Publié le par Patricia Gaillard

À Mulhouse, en Alsace, où je suis née il y a, tout en haut d'une colline au-dessus de la ville, une forêt qui s'appelle le Tannenwald. Enfant, j'avais une passion pour ce lieu où j'ai vécu ces émotions forestières puisées dans les automnes flamboyants et dans les parfums des hêtres, des faînes, des sapins et des champignons. Bien plus tard, lorsque j'ai entamé l'écriture du répertoire alsacien et de ses contes et légendes, pour les éditions De Borée, j'ai eu la grande joie de découvrir qu'une belle légende était rattachée à ce bois cher à mon coeur. Cette légende la voici et je l'aime autant que j'aime cette forêt du Tannenwald !

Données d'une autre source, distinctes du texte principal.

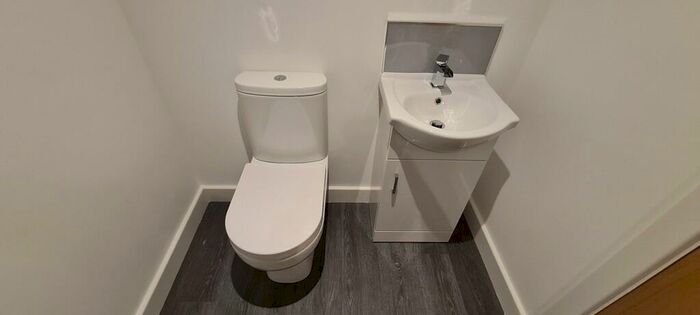 1 Bedroom Flat To Rent In West Street, PO16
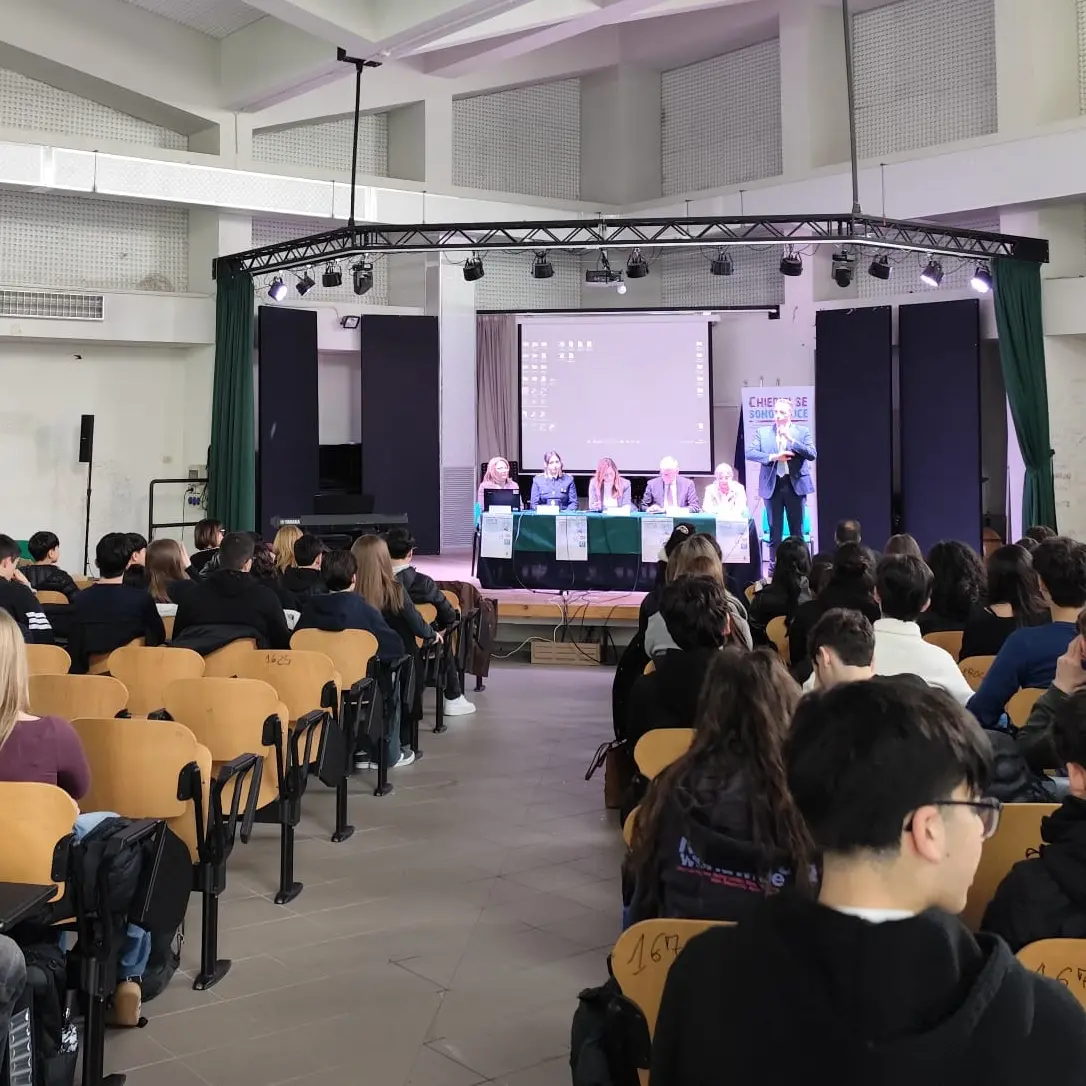 Violenza, dipendenze, demenza. Il progetto “Chiediti se sono felice” incontra il Liceo Scientifico di Lamezia\n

Certains êtres quittent le monde et son curieux désordre pour vivre en solitaire au fond des bois. la nature devient alors leur compagne, leur demeure, leur nourriture et leur joie. Ils prétendent ainsi se tenir au plus près du créateur.

Ludigari était de ceux-là. Il avait consacré son coeur à Notre Dame des Ermites*, une statuette de vierge noire qu'il avait vue lors d'un pèlerinage.
Il s'était alors retiré dans la forêt du Tannenwald et il était devenu peu à peu frère des plantes, des bêtes, des sources et leurs secrets, au fil des ans, s'étaient ouverts à lui. Il se nourrissait de baies, de fruits sauvages et de racines à la belle saison, de noisettes, de faînes et de cenelles aigrelettes à l'automne. Il partageait cette provende patiemment glanée avec les petits animaux du bois quand arrivaient ces jours rudes où notre hiver pose, comme il sait si bien faire, des vents et des gels splendides et meurtriers.

À force de vivre ainsi, Ludigari avait fini par devenir noueux et sec comme un arbre, avec des yeux limpides comme l'eau. Il portait une barbe et des cheveux très longs, d'une blancheur nacrée. Il ne parlait plus. Le langage était la dernière chose dont il s'était défait et ceux qui le cherchaient dans sa cabane de lierre et de branchages - car il avait des herbes une fine connaissance et ne refusait à personne ses recettes merveilleuses - ceux-là trouvaient un homme dont le regard très doux et les gestes de bonté disaient, sans le secours des mots, l'essence de la vie.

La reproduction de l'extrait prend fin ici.